**Task to complete**:
From the top of the records below, return each line exactly, ending with the line that contains "cake-pommes-chataigne-pecan.jpg".

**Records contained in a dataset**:
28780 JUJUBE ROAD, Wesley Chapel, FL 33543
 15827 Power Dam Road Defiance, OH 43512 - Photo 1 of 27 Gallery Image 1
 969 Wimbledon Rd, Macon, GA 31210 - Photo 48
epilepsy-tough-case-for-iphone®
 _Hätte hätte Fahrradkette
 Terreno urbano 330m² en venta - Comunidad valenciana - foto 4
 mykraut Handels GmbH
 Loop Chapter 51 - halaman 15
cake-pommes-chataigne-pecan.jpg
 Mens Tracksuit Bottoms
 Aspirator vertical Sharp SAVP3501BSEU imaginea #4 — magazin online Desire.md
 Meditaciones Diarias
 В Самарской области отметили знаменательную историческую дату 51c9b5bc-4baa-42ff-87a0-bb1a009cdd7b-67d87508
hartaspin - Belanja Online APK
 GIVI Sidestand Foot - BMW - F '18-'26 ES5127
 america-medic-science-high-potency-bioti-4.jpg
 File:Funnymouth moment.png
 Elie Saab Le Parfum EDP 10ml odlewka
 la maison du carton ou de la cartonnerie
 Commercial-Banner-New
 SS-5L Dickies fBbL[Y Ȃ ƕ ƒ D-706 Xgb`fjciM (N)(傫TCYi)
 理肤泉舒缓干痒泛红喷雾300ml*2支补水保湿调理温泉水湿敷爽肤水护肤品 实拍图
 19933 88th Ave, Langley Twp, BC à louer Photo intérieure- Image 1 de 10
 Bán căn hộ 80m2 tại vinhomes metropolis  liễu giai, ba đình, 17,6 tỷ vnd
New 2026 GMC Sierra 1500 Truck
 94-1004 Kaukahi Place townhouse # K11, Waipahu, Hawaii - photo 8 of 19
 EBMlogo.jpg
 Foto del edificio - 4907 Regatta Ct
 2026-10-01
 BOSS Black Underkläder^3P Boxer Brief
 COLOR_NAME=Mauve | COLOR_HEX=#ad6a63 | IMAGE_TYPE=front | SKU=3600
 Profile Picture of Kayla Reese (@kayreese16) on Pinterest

**Result of the exercise**:
28780 JUJUBE ROAD, Wesley Chapel, FL 33543
 15827 Power Dam Road Defiance, OH 43512 - Photo 1 of 27 Gallery Image 1
 969 Wimbledon Rd, Macon, GA 31210 - Photo 48
epilepsy-tough-case-for-iphone®
 _Hätte hätte Fahrradkette
 Terreno urbano 330m² en venta - Comunidad valenciana - foto 4
 mykraut Handels GmbH
 Loop Chapter 51 - halaman 15
cake-pommes-chataigne-pecan.jpg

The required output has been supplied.